I understand division with complex numbers but not when there's an unknown involved... not sure ha to do with the unknown to get it to the other side of the equation...

 

[gneill]

∠This is as far as I have managed o get and now I am stuck with the equation. not sure how to deal with and equation that has a mix of unknowns and imaginary numbers in it... also attached is my diagram that I am using so the equation makes sense... I spose if I can learn where I am going wrong now I won't make the same mistake again... by the way X is the node between the two inductors or in other words thevenins voltage

my equation thus far:

I1 + I2 +I3 =0

Therefore: (V1 - X) / j4 + (V2 - X) / j6 + (0 - X) / 50∠45.6 (which is the load and lag angle)

Okay, the Thevenin voltage is the unloaded output voltage of the network. That means you want to remove the load impedance, so the last term should be removed. Set the remaining expression to equal zero. Solve for X.

(0 + j415 - X) / j4 + (415 + j0) / j6 + (0 - X) / 67.7 + j42.3 (Load and angle converted to Rectangular form)

this is where I am stuck now, hence not trying nodal analysis as I was not 100% sure about it...

With the load term out of the picture you should find an expression for X that involves just some complex arithmetic.

 

[Ebies]

thanks mate, your right the arithmetic is complex haha

 

[Ebies]

last question... j0 * j = 0 or j^2 ??

 

[gneill]

Anything multiplied by zero is zero.

 

[Ebies]

Anything multiplied by zero is zero.

I didn't know if I should treat it as zero sorry. bone question...

 

[Ebies]

I finally worked out Vth gneill... thanks for the help and guidance along the way

 

[Ebies]

gneill, can I ask this? why do we use the rms value for the calculations? should 415 not be multiplied with sqrt 2? when working with thev theorem you want the max values right?

 

[gneill]

gneill, can I ask this? why do we use the rms value for the calculations? should 415 not be multiplied with sqrt 2? when working with thev theorem you want the max values right?

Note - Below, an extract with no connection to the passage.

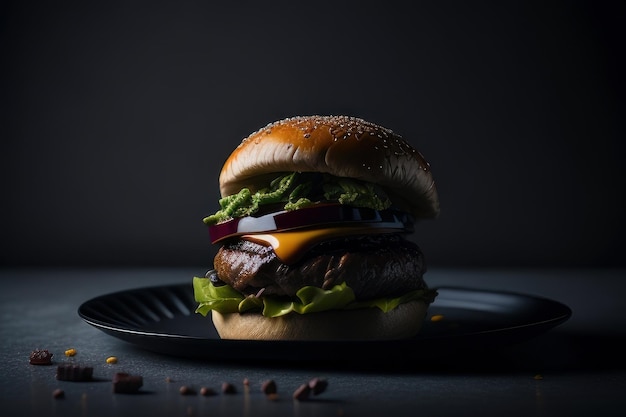 Foto hamburger met friet Generatieve AI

You can use either peak or rms values if you're just looking for voltages or currents. You can write out the time domain functions for the results easily enough with or without the root 2 . If you're looking to calculate power though, it's easier to start with the rms values for the voltages and currents.

 

[Ebies]

thank you very much buddy.. you are a star by far... bloody genius I tell you!

 

[Ebies]

ok so I used my thev equivalent voltage and the total impedance (which was j4 & j6 combined and then added with the load of 50Ω @ 0.7p.f.) to calculate the current I with Vth/Zth and came up with a completely different answer to what it should be thus making me think I made a mistake somewhere... I get i=5.8∠8.9°

 

[gneill]

The magnitude is about right. The angle's off though. What are your (rectangular format) values for V_th, Z_th, and Z_L?

 

[Ebies]

Vth=166+j249 , Zth=35+j38.10714214 and ZL=35+j35.70714214

I have checked my calculations for calculating the current and its correct so one of my actual values must be up the duffer...

 

[gneill]

Vth=166+j249 , Zth=35+j38.10714214 and ZL=35+j35.70714214

Zth can't have any real component as it consists of the reduction of two imaginary values (inductance impedances). Should be something closer to 3j Ohms.

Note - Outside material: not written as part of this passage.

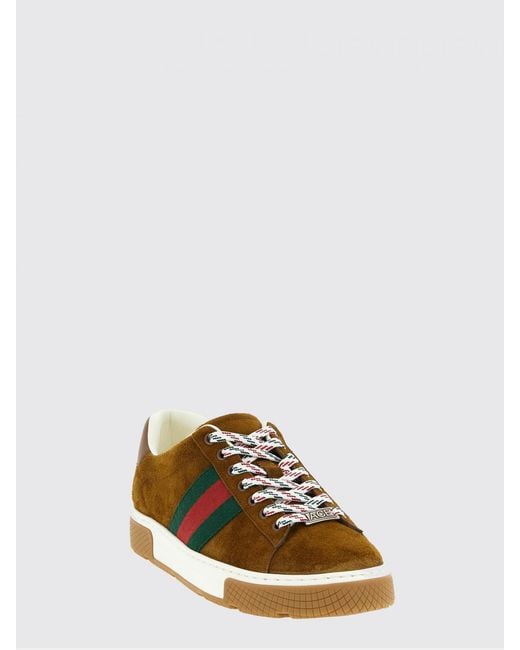 Gucci Brown Ace Suede Sneakers for men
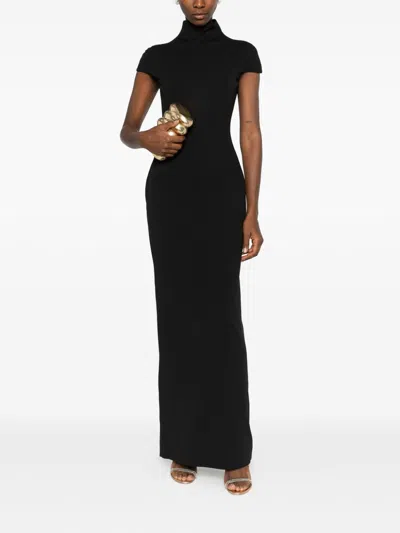 Solace London Maxi Dress High Neck Cap Sleeves Fitted In Black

Your ZL looks fine, some resistance and a positive imaginary value implying inductance, which is what you'd expect for a load with a lagging power factor.

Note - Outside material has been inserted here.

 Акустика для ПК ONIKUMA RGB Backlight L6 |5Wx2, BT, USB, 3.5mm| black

Your Vth looks a bit odd to me, if you started with v1 being 415V and v2 as 415V ∠ -90°. Looks like the real and imaginary component magnitudes have been swapped.

 

[Ebies]

I had V1=415∠90 and V2=415∠0... thanks for the hand there again gneill... with regards to Zth - I see what you mean by Zth, sorry I labelled em different in the equation... my Zth=j2.4

That explains my phase shift as I put myself out a few degrees by not reading the question properly... thanks again gneill

 

[Ebies]

ok so going off what gneill suggested last night I get a new revised figure for Vth=247.02-j164.69... what I do not understand however is why using a cos trig function or sine trig function yield different results...? ie the real and imaginary parts being swapped...

 

[gneill]

ok so going off what gneill suggested last night I get a new revised figure for Vth=247.02-j164.69... what I do not understand however is why using a cos trig function or sine trig function yield different results...? ie the real and imaginary parts being swapped...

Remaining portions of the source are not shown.